◆ TASK BRIEF
Return exactly the lines from the one that contains "Arlington, TX 76013,1303 Columbine Court" up to the last line of the listing, and nothing else.

◆ TASK MATERIAL
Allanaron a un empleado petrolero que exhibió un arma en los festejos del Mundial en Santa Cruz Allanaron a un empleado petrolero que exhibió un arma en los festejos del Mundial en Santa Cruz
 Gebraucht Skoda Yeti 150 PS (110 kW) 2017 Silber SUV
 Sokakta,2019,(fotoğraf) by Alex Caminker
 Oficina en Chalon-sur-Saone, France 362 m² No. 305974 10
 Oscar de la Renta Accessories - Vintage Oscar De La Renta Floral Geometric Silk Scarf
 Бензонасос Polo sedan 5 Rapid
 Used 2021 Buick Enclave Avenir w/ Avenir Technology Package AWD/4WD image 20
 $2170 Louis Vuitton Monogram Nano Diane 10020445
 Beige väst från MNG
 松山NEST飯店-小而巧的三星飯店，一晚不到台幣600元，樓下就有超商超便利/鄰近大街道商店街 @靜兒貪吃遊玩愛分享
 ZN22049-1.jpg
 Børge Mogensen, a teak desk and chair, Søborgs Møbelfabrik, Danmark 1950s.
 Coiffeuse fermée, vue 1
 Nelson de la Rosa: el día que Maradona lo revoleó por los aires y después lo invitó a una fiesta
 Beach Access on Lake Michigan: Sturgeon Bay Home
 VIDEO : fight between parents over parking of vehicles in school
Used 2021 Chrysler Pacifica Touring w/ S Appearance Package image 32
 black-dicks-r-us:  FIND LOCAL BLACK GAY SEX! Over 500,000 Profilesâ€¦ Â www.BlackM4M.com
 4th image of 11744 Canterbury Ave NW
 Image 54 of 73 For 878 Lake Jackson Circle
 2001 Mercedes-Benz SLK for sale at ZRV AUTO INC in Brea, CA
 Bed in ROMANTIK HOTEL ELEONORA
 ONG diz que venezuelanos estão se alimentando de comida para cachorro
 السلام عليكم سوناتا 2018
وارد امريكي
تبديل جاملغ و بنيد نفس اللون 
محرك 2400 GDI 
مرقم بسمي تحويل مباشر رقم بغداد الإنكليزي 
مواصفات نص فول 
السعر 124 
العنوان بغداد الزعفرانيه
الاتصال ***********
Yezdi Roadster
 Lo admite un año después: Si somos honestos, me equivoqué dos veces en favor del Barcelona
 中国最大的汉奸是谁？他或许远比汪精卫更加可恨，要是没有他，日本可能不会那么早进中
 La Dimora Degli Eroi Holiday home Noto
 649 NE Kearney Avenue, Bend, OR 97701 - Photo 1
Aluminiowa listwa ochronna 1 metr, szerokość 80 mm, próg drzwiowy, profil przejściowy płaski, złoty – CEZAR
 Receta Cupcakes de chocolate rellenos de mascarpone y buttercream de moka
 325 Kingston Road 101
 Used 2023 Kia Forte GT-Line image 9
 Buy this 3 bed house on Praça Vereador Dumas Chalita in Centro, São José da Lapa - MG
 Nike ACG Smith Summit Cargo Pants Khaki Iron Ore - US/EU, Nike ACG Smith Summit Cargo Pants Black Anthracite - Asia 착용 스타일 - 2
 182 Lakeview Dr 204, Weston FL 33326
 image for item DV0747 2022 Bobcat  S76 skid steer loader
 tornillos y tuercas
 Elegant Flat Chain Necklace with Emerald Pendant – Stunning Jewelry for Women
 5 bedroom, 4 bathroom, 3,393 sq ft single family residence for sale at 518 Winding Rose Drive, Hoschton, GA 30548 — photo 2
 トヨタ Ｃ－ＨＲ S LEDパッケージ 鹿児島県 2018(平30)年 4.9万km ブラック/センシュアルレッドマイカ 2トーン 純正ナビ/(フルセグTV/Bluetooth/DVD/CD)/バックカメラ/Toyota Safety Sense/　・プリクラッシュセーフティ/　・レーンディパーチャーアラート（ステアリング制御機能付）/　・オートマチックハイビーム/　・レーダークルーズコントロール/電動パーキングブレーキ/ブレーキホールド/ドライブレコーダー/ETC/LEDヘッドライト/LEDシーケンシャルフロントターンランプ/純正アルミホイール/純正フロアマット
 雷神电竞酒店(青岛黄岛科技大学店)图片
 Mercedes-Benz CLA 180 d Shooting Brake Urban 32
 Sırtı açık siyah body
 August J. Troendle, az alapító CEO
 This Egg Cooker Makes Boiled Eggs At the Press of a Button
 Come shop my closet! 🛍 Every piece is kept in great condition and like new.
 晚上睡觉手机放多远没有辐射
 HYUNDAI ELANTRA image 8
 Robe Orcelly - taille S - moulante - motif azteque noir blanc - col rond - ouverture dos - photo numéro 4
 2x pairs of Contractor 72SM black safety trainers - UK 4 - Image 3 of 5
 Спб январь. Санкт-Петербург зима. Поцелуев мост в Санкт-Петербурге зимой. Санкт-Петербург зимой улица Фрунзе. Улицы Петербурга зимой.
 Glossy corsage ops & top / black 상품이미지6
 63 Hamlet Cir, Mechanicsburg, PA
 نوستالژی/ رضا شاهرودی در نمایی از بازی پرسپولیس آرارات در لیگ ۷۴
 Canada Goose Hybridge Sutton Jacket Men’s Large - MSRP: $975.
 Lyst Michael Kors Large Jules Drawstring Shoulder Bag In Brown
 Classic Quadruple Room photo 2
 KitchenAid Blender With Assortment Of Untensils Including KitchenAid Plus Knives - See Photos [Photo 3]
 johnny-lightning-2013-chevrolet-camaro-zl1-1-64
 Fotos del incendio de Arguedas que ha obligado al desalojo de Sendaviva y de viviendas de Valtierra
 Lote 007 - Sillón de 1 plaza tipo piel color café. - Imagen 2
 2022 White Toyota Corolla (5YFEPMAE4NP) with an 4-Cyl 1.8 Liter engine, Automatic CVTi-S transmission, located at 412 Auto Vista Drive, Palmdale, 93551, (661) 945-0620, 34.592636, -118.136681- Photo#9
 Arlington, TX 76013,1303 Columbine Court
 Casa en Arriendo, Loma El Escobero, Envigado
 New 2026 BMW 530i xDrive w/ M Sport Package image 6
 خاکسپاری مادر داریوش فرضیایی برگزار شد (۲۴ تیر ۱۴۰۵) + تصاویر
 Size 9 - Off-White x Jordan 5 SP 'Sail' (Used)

◆ SOLUTION FOR THIS EXERCISE
 Arlington, TX 76013,1303 Columbine Court
 Casa en Arriendo, Loma El Escobero, Envigado
 New 2026 BMW 530i xDrive w/ M Sport Package image 6
 خاکسپاری مادر داریوش فرضیایی برگزار شد (۲۴ تیر ۱۴۰۵) + تصاویر
 Size 9 - Off-White x Jordan 5 SP 'Sail' (Used)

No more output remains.